The bank that issues your credit card to you does NOT have anything to do with the exchange rate. That rate is set by the network for your card (Visa, MasterCard, American Express, Discover). The only thing the card issuing bank does is add on whatever fees they choose. So for a transaction done with any card at a specific time and date, the exchange rate is always going to be exactly the same no matter if it is a Wells Fargo, Capital One, Local Credit Union or even a prepaid card bought at the grocery store. (Yes, there can be a fraction of a cent difference between the various networks on the rates but never enough to even notice unless you are spending hundreds of thousands of dollars.) The networks charge the card issuers 1% and they provide the issuers pre converted transactions. There is currently no option to do this any other way. The issuers never see the foreign currency amount except as a notation on the transaction that they can print on your statement for reference. The 3% or so "foreign transaction fee" is just a money grab by the bank because they can as is the $5 fee. The issuer still gets the normal interchange fee (an amount that is deducted from the settlement amount the merchant actually gets) paid to them by the network which is almost always more than 1%. That's why card issuers like Capital One never charge any fee -- they don't need to and still make loads of profit.

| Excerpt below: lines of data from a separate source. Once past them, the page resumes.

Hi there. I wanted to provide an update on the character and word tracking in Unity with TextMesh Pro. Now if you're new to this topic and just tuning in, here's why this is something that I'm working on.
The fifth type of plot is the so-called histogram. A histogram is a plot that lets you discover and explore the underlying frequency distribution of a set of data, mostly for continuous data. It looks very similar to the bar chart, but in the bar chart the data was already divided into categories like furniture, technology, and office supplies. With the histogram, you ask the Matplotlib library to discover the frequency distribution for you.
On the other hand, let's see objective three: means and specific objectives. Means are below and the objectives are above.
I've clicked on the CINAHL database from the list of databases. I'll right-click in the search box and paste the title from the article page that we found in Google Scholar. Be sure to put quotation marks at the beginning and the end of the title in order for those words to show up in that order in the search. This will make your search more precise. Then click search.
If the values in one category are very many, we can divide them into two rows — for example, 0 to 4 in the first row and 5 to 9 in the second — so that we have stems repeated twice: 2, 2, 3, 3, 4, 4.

When I said "rate", I was referring to the rate in terms of what the article called rate, which is the rate YOU are charged, not the Interbank rate. I think that both MasterCard and Visa go by the same Interbank rate, although they reserve the right to pick the rate they want within time period. The Network (M/C, Visa, Cirrus, Plus, et al) add ~½% for handling the transaction in Europe. Your bank pays the Network charge, then adds their own charge, which can be 1% - 3%. I've had both Visa and MasterCard cards over the years, and I have never seen a difference in the Interbank rate, and the extra added by the banks varies by bank, not card type. Big banks, like Wells Fargo, Chase, et al, add 3%. My local bank here in Denver adds 2%, and my credit union only adds 1%. Some banks add 0% on certain accounts, but they are eating the ½% Network charge.

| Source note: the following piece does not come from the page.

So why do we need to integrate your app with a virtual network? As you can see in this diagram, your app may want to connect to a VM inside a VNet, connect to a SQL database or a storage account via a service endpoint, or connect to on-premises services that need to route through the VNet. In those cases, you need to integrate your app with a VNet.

Lee didn't say exchange rate. Read it carefully. He was referring to the fees that get added on after it is processed by the network company.
I think Lee, Mark and I are saying the same things about the network rates. The key is that the article was wrong about it.
Well, to be fair, though the article did get into some costs, the focus was on the "Safest" options, what it fails to tell you is that safety comes at a cost.
Prepaid cards (like Travellers Checks of Old) are very safe, but the concern from a cost standpoint is they get you in fees to get the card, have their own exchange rate which is another loss for you, then typically another fee when you get your money out.
Credit is obviously cheaper than a prepaid card, what the article fails to note is that you can easily find a card with no foreign transaction fee (FTF), meaning all you pay is the interbank fees, ~1/2 to 1%. The Mastercard vs Visa comment I do not get, except that most of the cards that have no FTF tend to be Mastercards (and some American Express) so maybe that is what they meant.
The article acknowledges that using an ATM is cheapest and I suppose I could agree that withdrawing and carrying cash has some risk, certainly carrying a large amount does, but for me, using an ATM in conjunction with Credit is worth the risk. Aside from that, yeah, the article was all but worthless.
I think people just need to accept that for every exchange of consideration in a travel situation, someone will get paid. Sometimes more, sometimes less, try to make it as little as possible as often as possible but don't turn your trip into one huge spreadsheet of expenses. Use ATMs and credit cards and enjoy your damn vacation!